**ACTIVITY**
Begin the copy at the line containing "PA license plate KKR0946" and end it at the final line of the material below, reproducing each line exactly, without images.

**THE INPUT**
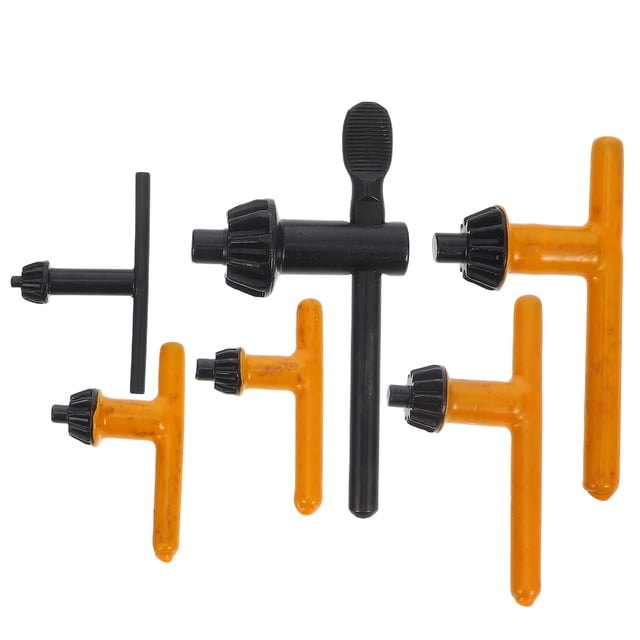 Drill Chuck Key Wrench Assorted Color Steel PVC 6Pcs 4.17X2.16X0.98in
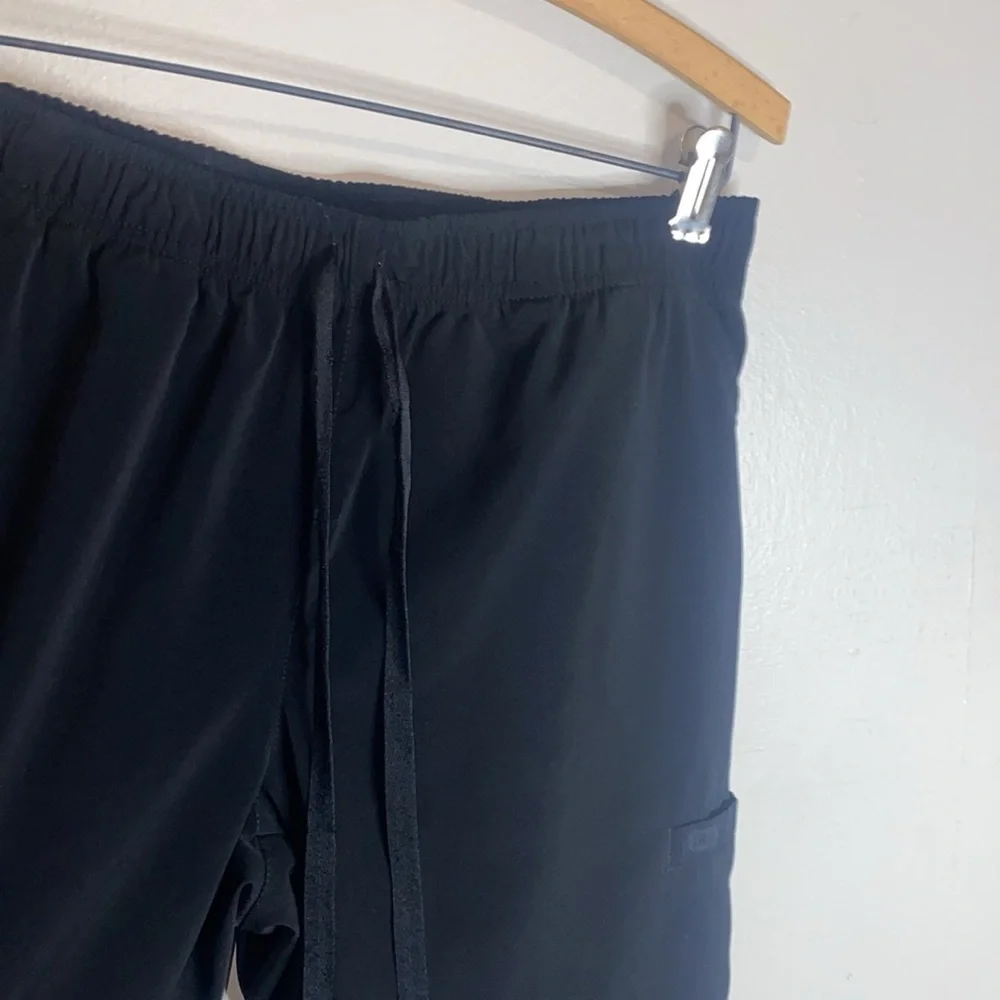 🌵Black scrub bottoms with original drawstring and pockets! - Picture 1 of 8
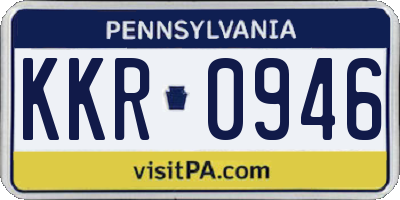 PA license plate KKR0946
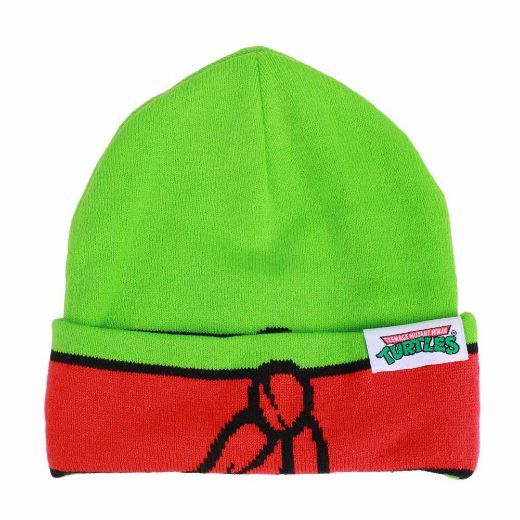 Picture of Teenage Mutant Ninja Turtles Raphael Cosplay Roll Down Beanie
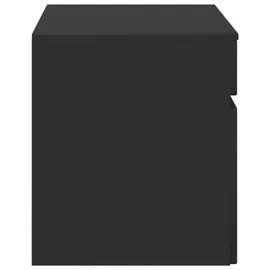 vidaXL Badezimmerschrank Schwarz 59 x 44,5 x 50 cm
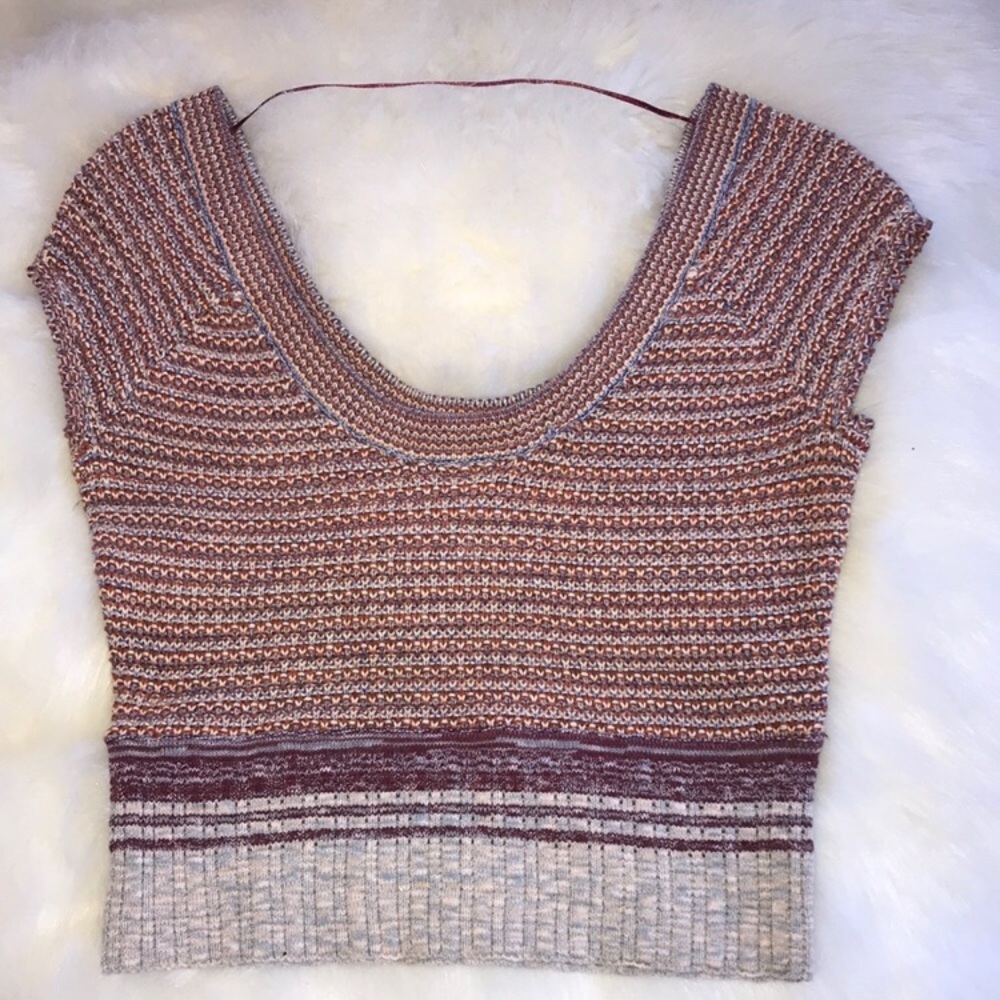 Free People knit crop top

**SOLVED EXERCISE**
 PA license plate KKR0946
 Picture of Teenage Mutant Ninja Turtles Raphael Cosplay Roll Down Beanie
 vidaXL Badezimmerschrank Schwarz 59 x 44,5 x 50 cm
 Free People knit crop top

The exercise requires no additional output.